What you will do: The reply should consist solely of the lines from the one that holds "PAUL SMITH Abrigo" through the last line of the material, reproduced exactly; no pictures belong in it.

Collected data:
= Beginning of Section =
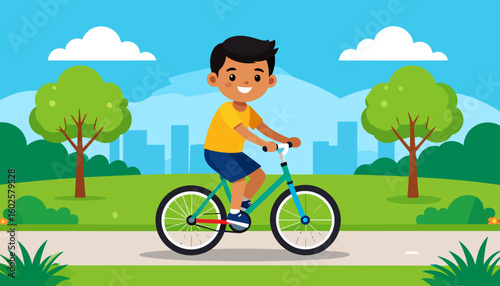 Happy young boy with dark hair and a yellow shirt riding a teal bicycle.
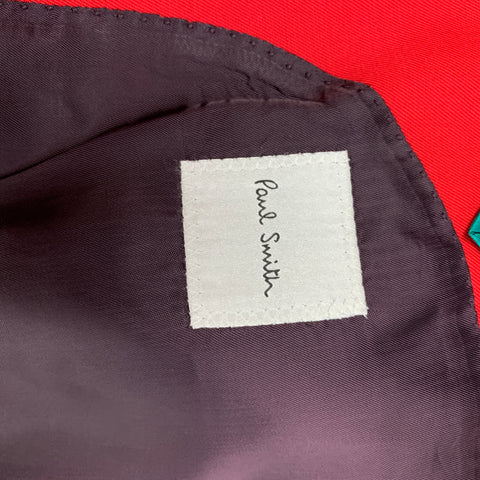 PAUL SMITH Abrigo rojo con solapa de muesca en mezcla de lana talla M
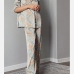 1Printed Home Clothes Long Sleeve Blouse And Pant Set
= End of Section =
Finished task:
 PAUL SMITH Abrigo rojo con solapa de muesca en mezcla de lana talla M
 1Printed Home Clothes Long Sleeve Blouse And Pant Set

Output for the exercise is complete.